Alice Sebold: "In meinem Himmel"


"Mein Nachname war Salmon, also Lachs, wie der Fisch; Vorname Susie. Ich war vierzehn, als ich am 6. Dezember 1973 ermordet wurde."
So beginnt ein Aufsehen erregender Roman: die Geschichte eines Mädchens, das nach seinem Tod aus dem Jenseits beobachtet, wie seine Familie mit dem Verlust umzugehen lernt.

Susie Salmon erzählt die Geschichte ihres "Lebens" nach ihrer Ermordung durch den Nachbarn Mr. Harvey. Sie ist in ihrem privaten Himmel, der wie eine Art idealisierte Highschool ist, und beobachtet das Treiben der Menschen, die sie kannten - oder die irgendwie durch ihre Ermordung beeinflusst wurden - mit großem Interesse, während sie sich an ihre neue Umgebung anpasst. Sie sieht, wie ihre Eltern und Geschwister zunächst von ihrem Verschwinden und dann von ihrem Tod erfahren, und wie dies sie verändert. Sie sieht auch, wie ihre Klassenkameradinnen und -kameraden auf die Ereignisse reagieren, beobachtet die Ermittlungen der Polizei und auch das versteckte Leben ihres Mörders.

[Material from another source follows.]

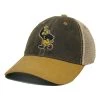 Legacy Athletic Iowa Hawkeyes Herky BSA Hat Yellow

Dieser Roman erstreckt sich über mehrere Ebenen: Er ist ein Krimi - allerdings ohne Auflösung für die Lebenden. Er ist die Geschichte von Angst, Verlust und dem Wunsch nach Rache. Er ist die Geschichte darüber, wie sich das Verschwinden eines Kindes auf die Familie auswirkt, wie die Öffentlichkeit und die Polizei darauf reagieren. Der Roman beschreibt die Erfahrung eines Mädchens, plötzlich nicht mehr sie selbst zu sein, sondern die Schwester eines anderen Mädchens, dem wohl Gewalt angetan worden ist. Es wird dargestellt, wie viele Menschen von einer einzelnen Gewalttat berührt werden und wie es diese Menschen schaffen, schließlich nicht mehr ausschließlich unter dem Eindruck jener Katastrophe, die in ihr Leben eingetreten ist, sondern auch voller liebevoller Erinnerung an das, was sie verloren haben, weiterzuleben.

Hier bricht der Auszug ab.